CINEMA E TV
"La seconda notte di nozze", l’impossibile amore possibile
La seconda notte di nozze
Italia, 2005
Di Pupi Avati
Con Antonio Albanese, Neri Marcorè, Katia Ricciarelli, Angela Luce, Marisa Merlini, Robert Madison
Se il cinema di Pupi Avati non è che un unico piano-sequenza a ritroso, un'evocazione autobiografica di mitologie e rituali trascorsi, quando non definitivamente perduti, allora non è difficile paragonare questo suo Giordano Ricci, personaggio protagonista de “La seconda notte di nozze” (presentato e visto da noi all’ultimo festival di Venezia), al professore interpretato da Carlo Delle Piane in “Una gita scolastica”: nei due c’è la stessa capacità di ascolto dei sentimenti, lo stesso abbandono di ogni resistenza nei confronti della seducente magia degli elementi naturali, la stessa voglia di perdersi nel silenzio per lasciarsi guidare dai più impervi moti dell’anima. La poeticità di Avati si ferma di fronte all’irrapresentabile tentando di sondarne il segreto. Anche in questa sua ultima opera, con il Giordano magnificamente impersonato da un Antonio Albanese che conferma la sua misura da sottile interprete degli ultimi pudori contemporanei (meritava la Coppa Volpi per questa sua perfomance!), con questo suo matto dal cuore semplice che vive in Puglia, nei campi di Torre Canne che gli appartengono, reduce da elettroshock di vent’anni prima, ora costretto allo sgradevole lavoro di artificiere e da sempre innamorato della stessa donna alla quale non osa dichiararsi.

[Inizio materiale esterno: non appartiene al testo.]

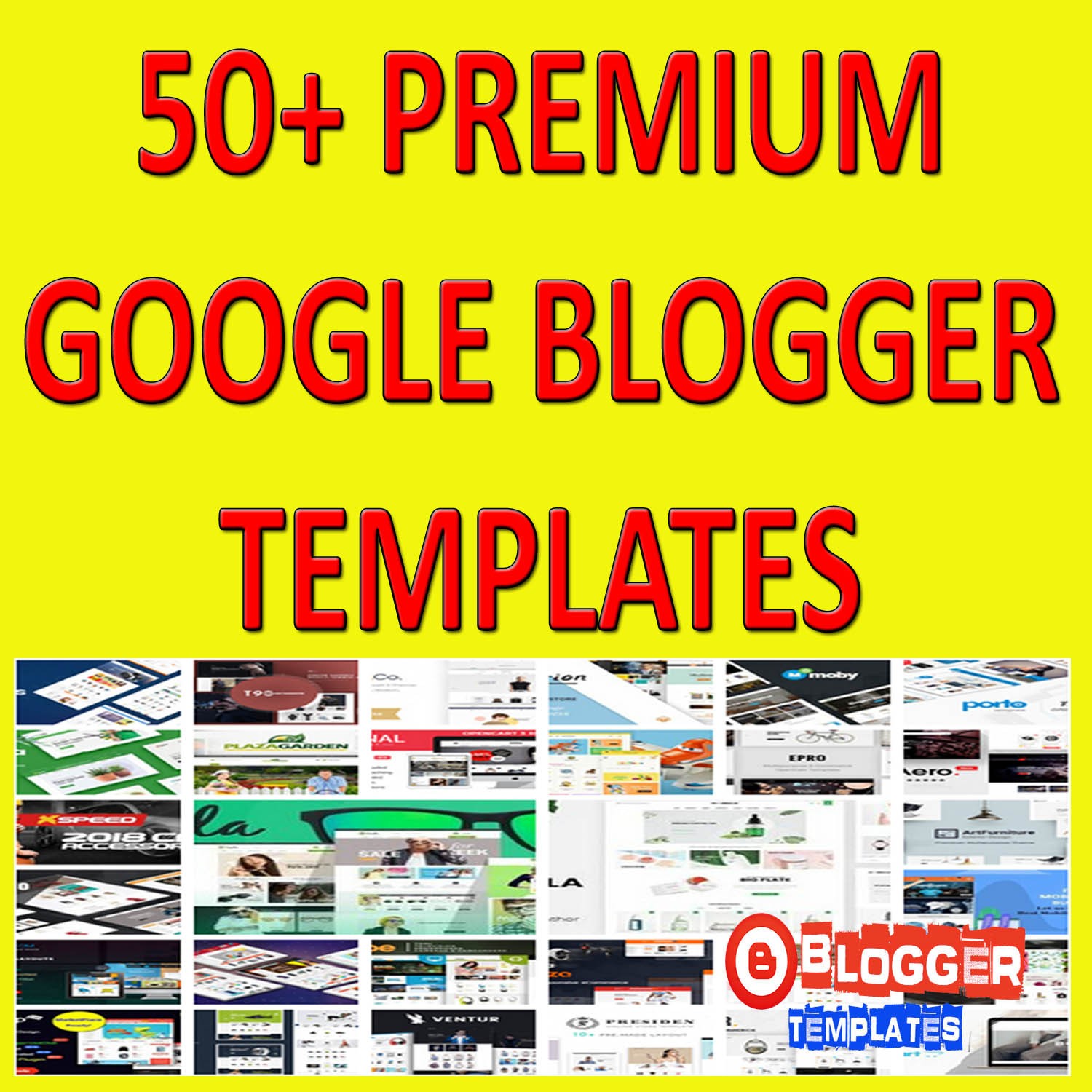 50+ Premium Google Blogger Templates | Responsive Blogger Theme – 20c each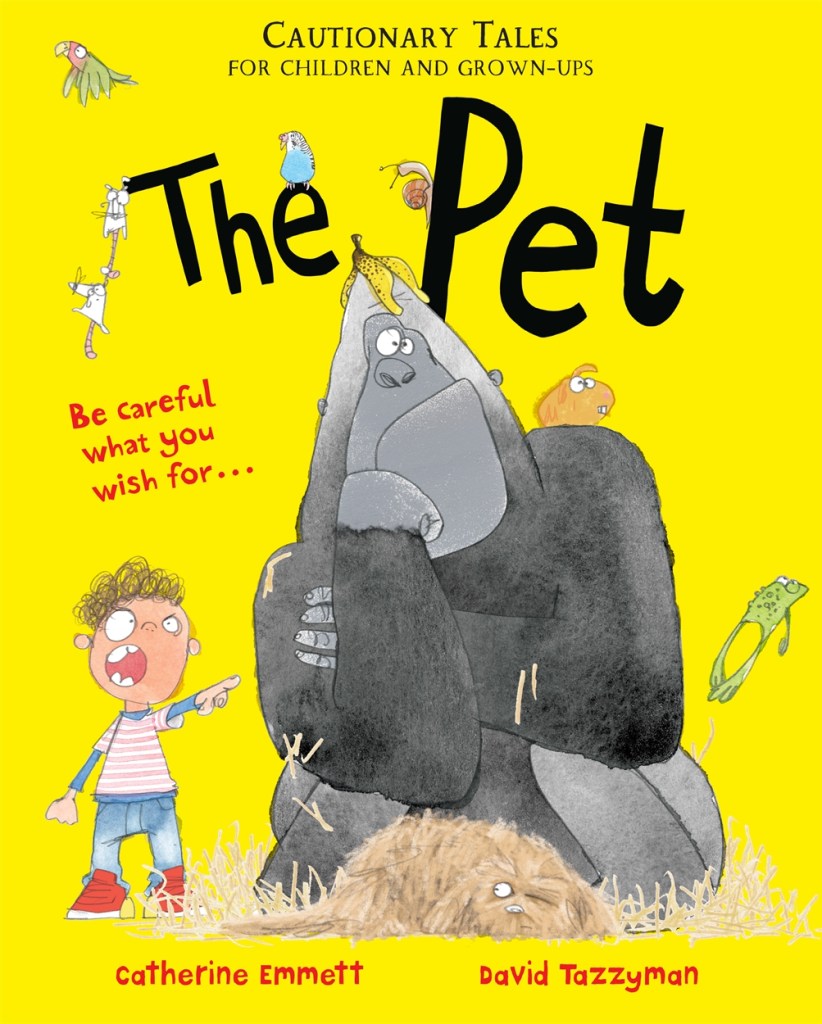 The Pet: Cautionary Tales for Children and Grown Ups (Hardcover)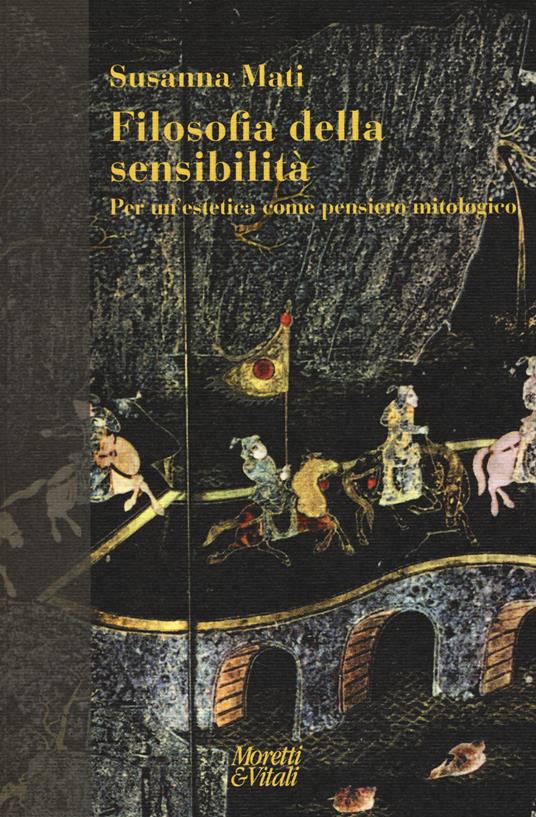 Filosofia della sensibilità. Per un'estetica come pensiero mitologico - Susanna Mati - copertina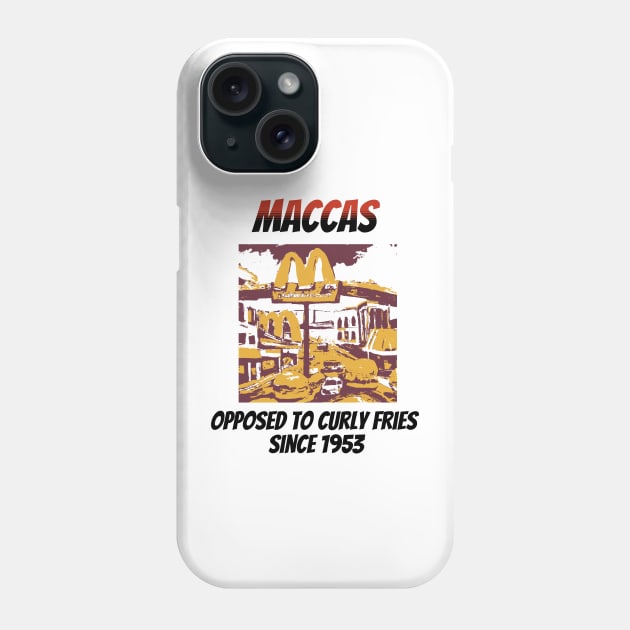 Maccas: Opposed to Curly Fries Since 1953 Phone Case by happymeld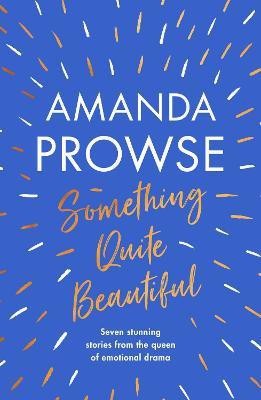 Something Quite Beautiful(English, Paperback, Prowse Amanda)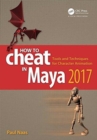 How to Cheat in Maya 2017 : Tools and Techniques for Character Animation - Book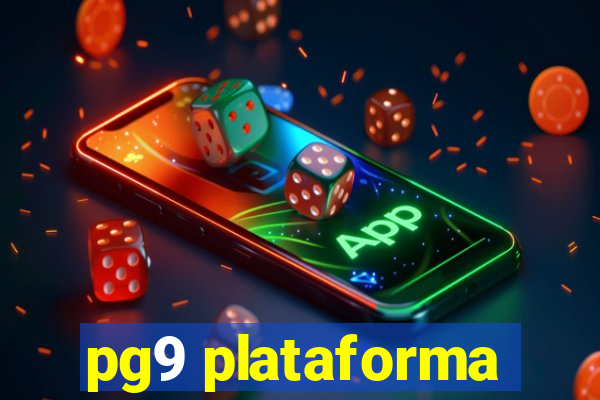 pg9 plataforma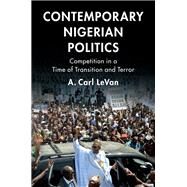 Contemporary Nigerian Politics by LeVan, A. Carl, 9781108472494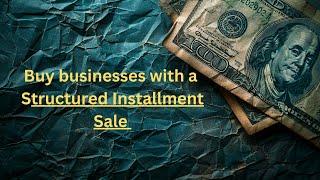 Buy a business using a structured installment sale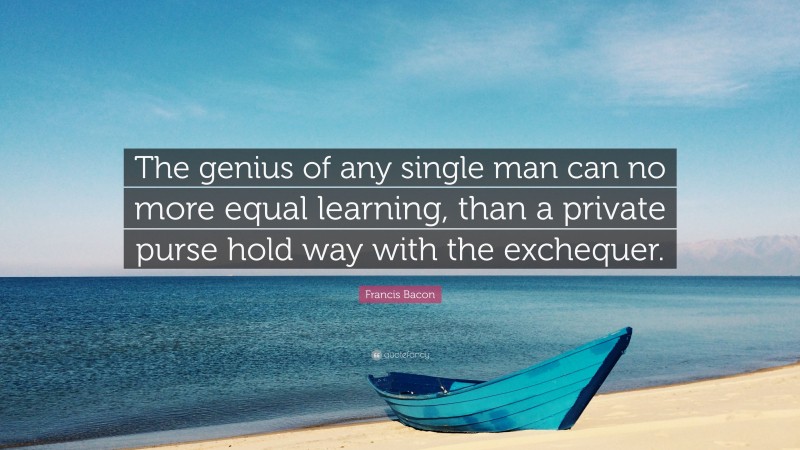 Francis Bacon Quote: “The genius of any single man can no more equal learning, than a private purse hold way with the exchequer.”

La bella sceneggiatura si nutre di sottigliezze ed è attenta nel dosare ironia e dramma, mentre la macchina da presa si sofferma ad indagare con grazia i bravi interpreti. Risulta così miracolosa pure la presenza della Ricciarelli che, svestiti i panni melodrammatici, recita con inedita asciuttezza la sua Liliana, senza trucco, e modestamente vestita, cavandosela con grande autorità. In una delle scene del film, la vediamo rassegnata di fronte all’umiliante proposta del figlio Nino intenzionato a barattare il suo corpo in cambio di uno spinterogeno per l’auto in panne, richiesto ad un camionista di passaggio. E diventa impagabile il suo duetto con Albanese, quando finalmente Giordano gli propone attraverso un dialogo di commovente umanità, di sperimentare un tardivo congiungimento carnale, in nome di un amore da sempre inespresso. Avati sembra giocare di fioretto con il mito del cinema d’antan attraverso l’evocazione dell’aitante divo Enzo Fiermonte, interprete negli anni ’40 di film come “L’ultimo combattimento”, “Spie tra le eliche” e “Frà Diavolo”, pure presente, in qualità di campione di pugilato, nel capolavoro di Visconti “Rocco e i suoi fratelli”, dove recitava il ruolo dell’allenatore. In questo film sull’amore ritrovato e sulle nostalgie di una purezza possibile, pure le scelte musicali concorrono a squarciare il velo della memoria: “Cantando con le lacrime agli occhi”, celebre motivo di quegli anni è qui eseguito da Tony Santagata. La storia si chiude con una dedica “A tutti i bambini che fecero una grande luce”, alle vittime innocenti delle mine dimenticate, implacabile conseguenze di tutte le guerre, non solamente di ieri.